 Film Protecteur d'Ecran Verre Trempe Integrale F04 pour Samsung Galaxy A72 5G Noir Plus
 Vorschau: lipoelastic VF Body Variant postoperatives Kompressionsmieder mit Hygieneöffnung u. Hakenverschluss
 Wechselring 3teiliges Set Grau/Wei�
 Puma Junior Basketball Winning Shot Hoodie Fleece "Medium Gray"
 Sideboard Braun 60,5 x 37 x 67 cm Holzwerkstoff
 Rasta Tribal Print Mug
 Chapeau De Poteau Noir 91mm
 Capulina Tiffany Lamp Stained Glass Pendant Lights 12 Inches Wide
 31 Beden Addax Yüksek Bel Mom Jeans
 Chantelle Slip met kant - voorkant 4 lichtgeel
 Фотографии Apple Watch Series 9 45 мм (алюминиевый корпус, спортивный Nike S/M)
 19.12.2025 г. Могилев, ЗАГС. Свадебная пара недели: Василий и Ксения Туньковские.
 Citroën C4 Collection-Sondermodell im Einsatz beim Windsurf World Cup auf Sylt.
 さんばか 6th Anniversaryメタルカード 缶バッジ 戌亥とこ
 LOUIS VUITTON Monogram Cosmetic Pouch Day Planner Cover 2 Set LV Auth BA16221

——————

◆ Task goal
Reproduce, character for character, only the lines of the preceding data that start at the line with "Capulina Tiffany Lamp" and end at the line with "19.12.2025 г. Могилев, ЗАГС.", both included.

◆ Result of this task
 Capulina Tiffany Lamp Stained Glass Pendant Lights 12 Inches Wide
 31 Beden Addax Yüksek Bel Mom Jeans
 Chantelle Slip met kant - voorkant 4 lichtgeel
 Фотографии Apple Watch Series 9 45 мм (алюминиевый корпус, спортивный Nike S/M)
 19.12.2025 г. Могилев, ЗАГС. Свадебная пара недели: Василий и Ксения Туньковские.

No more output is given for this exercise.